RELIABILITY AND VALIDITY OF ACOUSTIC VOICE ANALYSIS USING SMARTPHONE RECORDINGS FOR CLINICAL AND REMOTE ASSESSMENT
Citation
Abstract
This thesis addresses the critical need for reliable and accessible methods to assess and monitor vocal health, particularly among occupational voice users and patients accessing speech and language therapy remotely. Traditional clinical methods, including patient self-reports and acoustic analyses conducted during isolated visits, provide only limited snapshots of vocal health, often missing daily fluctuations essential for long-term well-being. Leveraging advancements in smartphone technology, which offers sophisticated audio processing and widespread accessibility, this research explores the feasibility and clinical utility of smartphone-based acoustic voice analysis. The research comprises four comprehensive studies. Studies 1, 1b and 1c evaluate the reliability of acoustic measurements obtained from four smartphone models compared to a professional studio microphone in a controlled environment. Results indicate that measures such as cepstral peak prominence (CPPS), harmonics-tonoise ratio (HNR), long-term average spectrum (LTAS) slope, and glottal noise excitation ratio (GNE) demonstrate acceptable random error, suggesting that smartphones can reliably capture these parameters under controlled conditions. Study 2 validates the use of loudspeakers to transmit pre-recorded voice signals for acoustic analysis. The study finds minimal systematic bias and acceptable random errors, particularly for reading passages, affirming the reliability of loudspeaker transmitted recordings for standardised voice assessments. Study 3 assesses the validity and reliability of smartphones in field environments, comparing their performance to a studio-grade reference microphone. Higher-end smartphones, such as the iPhone 6s, reliably capture fundamental frequency (F0), CPPS, LTAS slope, and GNE, although shimmer and jitter measures exhibit significant variability. Study 4 investigates the impact of ambient noise on smartphone recordings, revealing that spectral measures remain stable, while parameters like shimmer and jitter are adversely affected by background noise. This underscores the necessity for controlled recording environments or robust noise mitigation strategies in real-world applications.
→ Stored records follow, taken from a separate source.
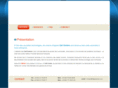bigtelcenter.com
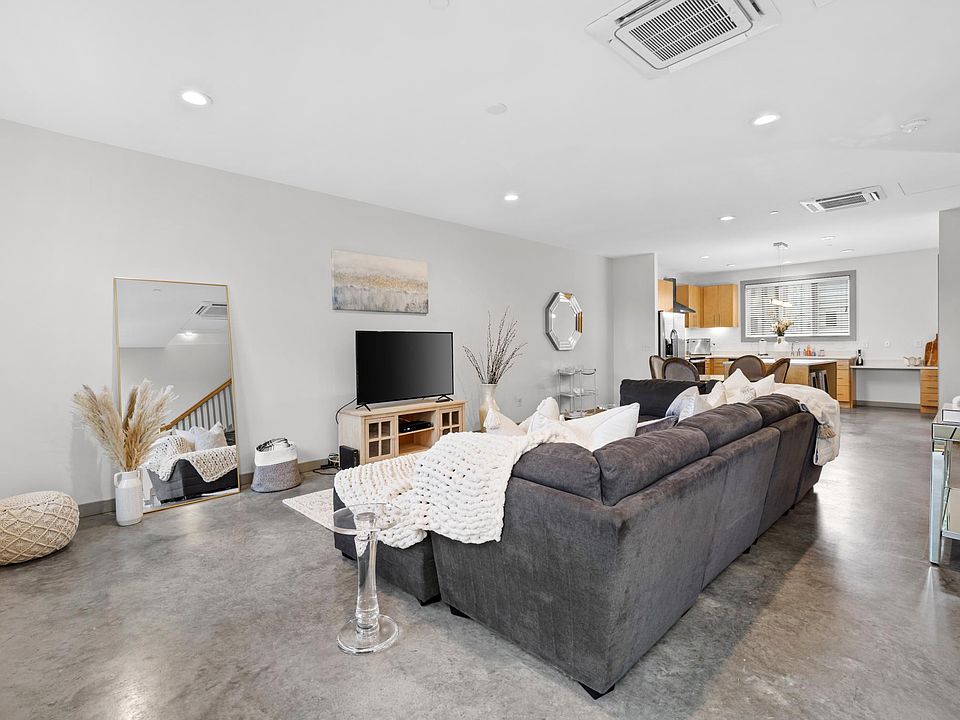 1243 Martin St, Nashville, TN 37203 Zillow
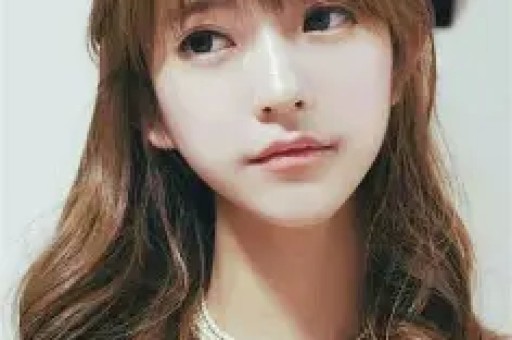 章若楠突发意外!工作室质疑剧方专业性深扒之下才发现另有隐情 章若楠突发意外!工作室质疑剧方专业性深扒之下才发现另有隐情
Overall, this thesis demonstrates that smartphones hold significant potential for remote and real-time vocal health monitoring, particularly when focused on specific acoustic measures and controlled recording conditions. The findings contribute to the development of standardised protocols, enhancing the integration of smartphone technology into clinical voice assessment and telehealth services.